Dylan Anderson/Steamboat Pilot & Today
After installing a soil moisture monitoring station near Stagecoach Reservoir last year, the groups behind that effort have secured money to build eight more stations in the Yampa Valley over the next two years.
The stations could help fill a gap in the data available that water managers, forecasters and water users need to make decisions that are getting increasingly harder because of climate change.
“Our snow-to-flow patterns have been changing considerably in recent years and monitoring soil moisture data is an important step toward a better understanding of how water in our basin is changing due to changing climate,” said Michelle Stewart, executive director of the Yampa Valley Sustainability Council, in a statement.
In addition to the sustainability council, project partners include the Center for Western Weather and Water Extremes, Upper Yampa Water Conservancy District and Colorado Mountain College.
Marty Ralph, director of the Center for Western Weather and Water Extremes, said the soil is the “fourth reservoir” for water that has often been left out of data collection, with the other three being snow, rivers and reservoirs. This project fills that data gap, he said.
“It is envisioned as a pathfinder for the future,” Ralph said.
The data from the stations will inform scientists and water managers as they make decisions amid a 22-year drought that some top climate scientists are now referring to as aridification, or the gradual change from a wetter to drier climate.

Dylan Anderson/Steamboat Pilot & Today
“The data will be invaluable,” said Andy Rossi, general manager of the Upper Yampa District. “This network will help close a data gap in the Yampa River Basin and serve as a useful tool for water managers in our basin and beyond.”
Madison Muxworthy with the Yampa Valley Sustainability Council said they intend to start installing at least two of the stations this summer in areas they have identified as high priorities.
“Starting this summer, we will install two to four of them.

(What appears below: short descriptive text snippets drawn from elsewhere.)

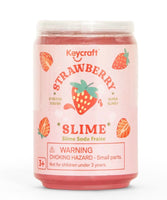 Soda Slime Cans Assortment - ToyTime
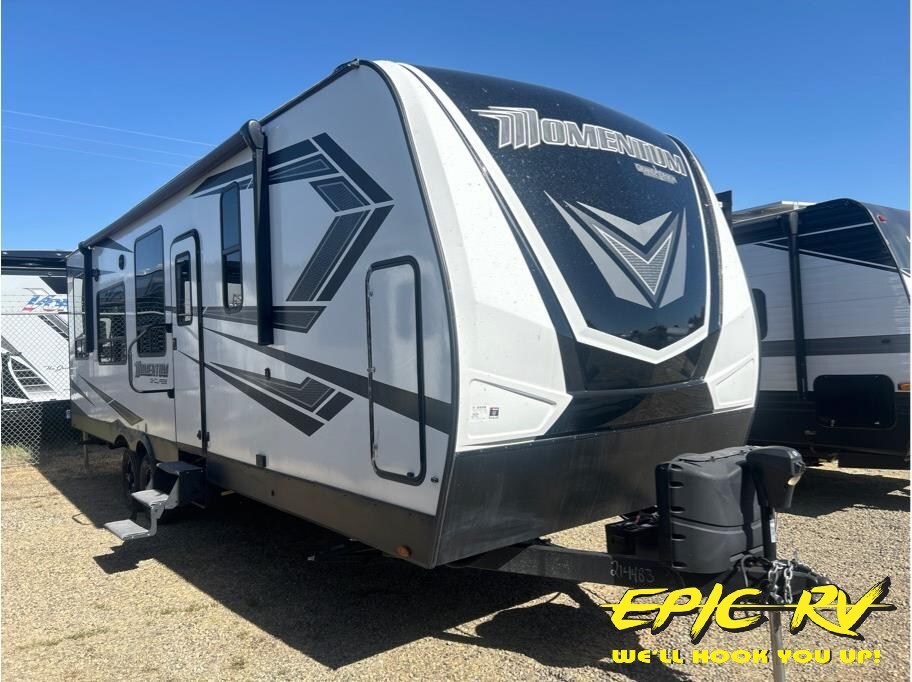 2021 Grand Design Momentum M-30G in madera CA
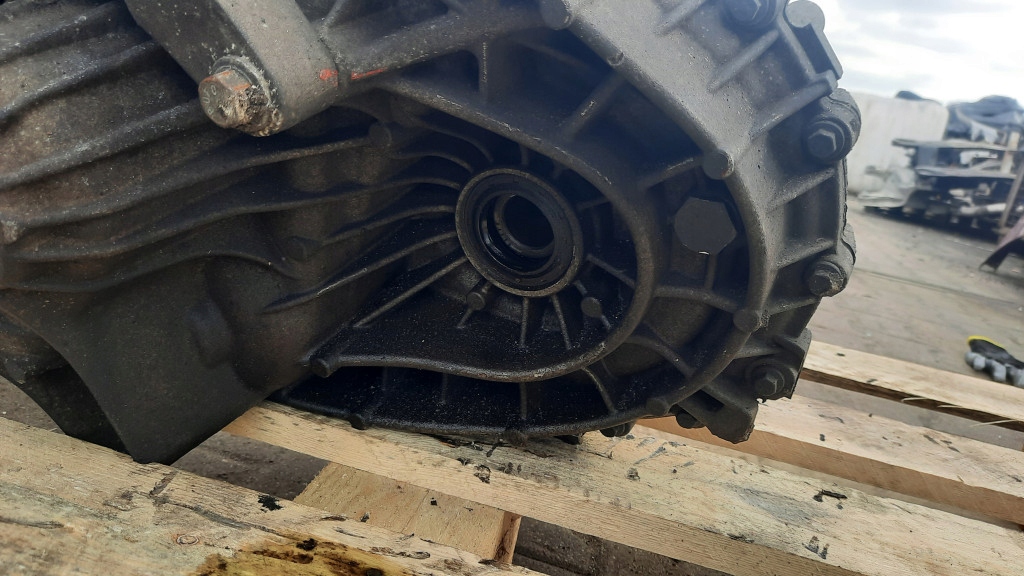 фото №10, Коробка передач передач 1285017 bg9r-7002-ka volvo v60 s60 ii v70 iii s80 2.0 d3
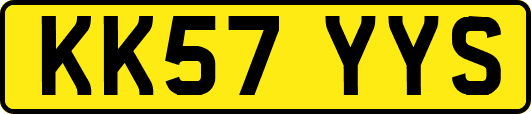 KK57YYS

By the end of next year, we will have all eight of them,” Muxworthy said. “We have a rough idea on some locations that we want to prioritize first in the basin.”
The station installed near Stagecoach includes a soil moisture monitor that takes measurements at six different depths down to 40 inches. The station also detects wind speed and direction, precipitation, snow depth, temperature, relative humidity, air pressure and solar radiation.
The next eight stations will be part of a network of 25 stations throughout the Yampa Valley.
“We’re filling data gaps,” Muxworthy said. “As part of our two-year process leading up to this, we did a basin analysis where we had talked to some key local stakeholders in the basin to identify their needs for water management and where they saw gaps.”
The $860,000 in funding secured comes largely from the Colorado Water Conservation Board through its Water Plan Grant funding program. The partners also got about $140,000 from the Colorado River District and the Upper Yampa Water Conservancy District is pitching in $100,000.
Colorado Mountain College will partner to provide training for students interested in a career in climate monitoring and instrument maintenance, and college officials are viewing the network’s expansion as an important part of developing pathways for students to find careers in water.
“Student engagement with this network is essential to the recruitment and development of our future western water workforce,” said Nathan Stewart, a professor of ecosystem science and sustainability at the college.